Requirement:
In the records below, find the line that contains "portal (free vlog music)". Retype that line and all the lines after it through the end, leaving out the pictures.

[Opening Data for this exercise section]

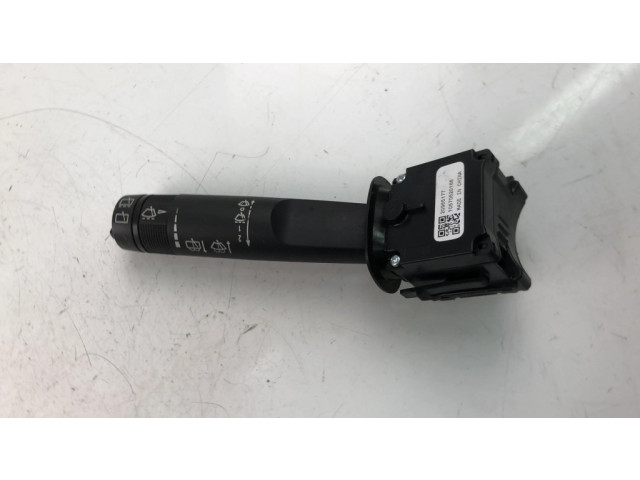 Ручка стеклоочистителей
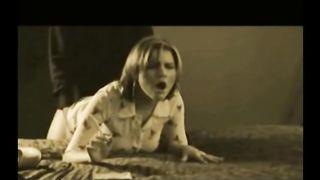 Mamma scopata a pecora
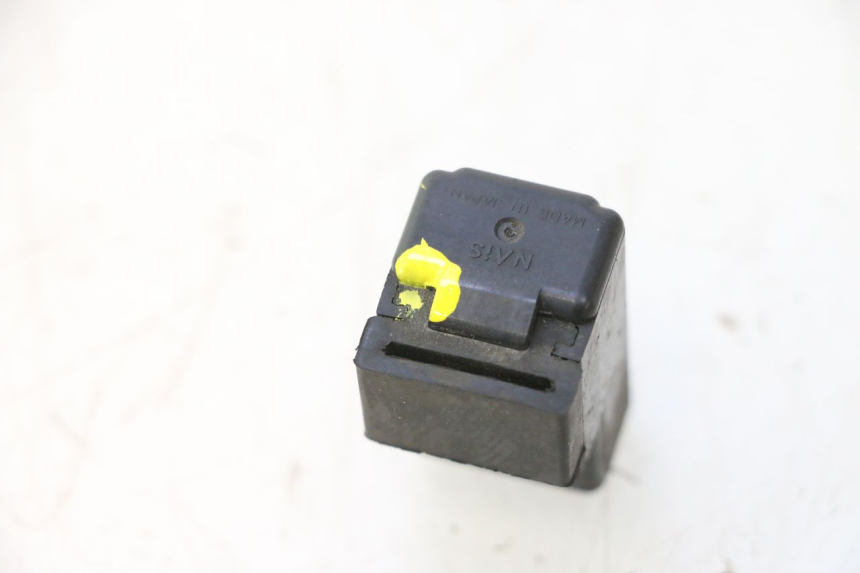 photo de RELé ELéCTRICO SUZUKI BURGMAN 125 (2007 - 2014) - Zoom estado de uso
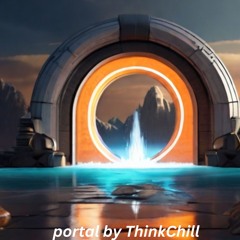 portal (free vlog music)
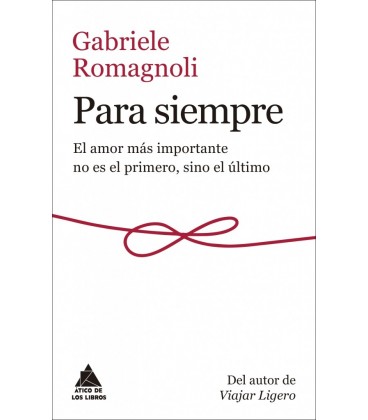 PARA SIEMPRE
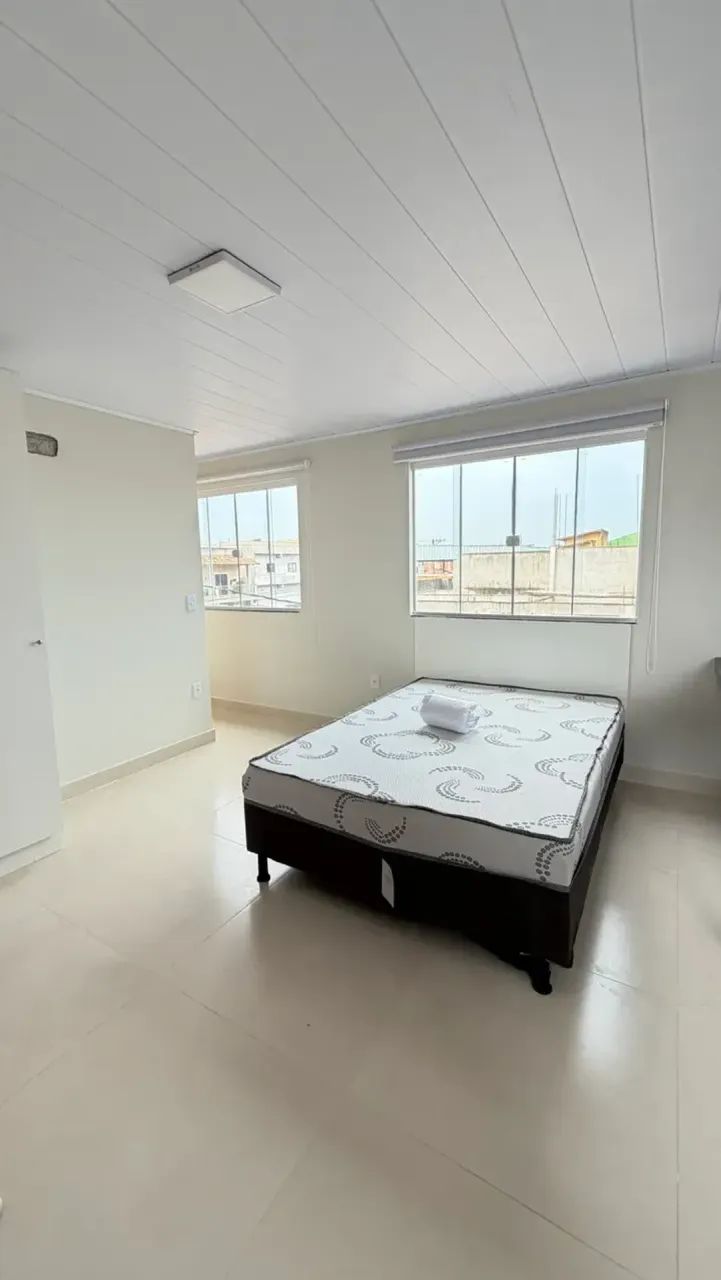 Studio Novo Mobiliado Santa Paula - Foto 2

[Closing Data for this exercise section]

Task response:
 portal (free vlog music)
 PARA SIEMPRE
 Studio Novo Mobiliado Santa Paula - Foto 2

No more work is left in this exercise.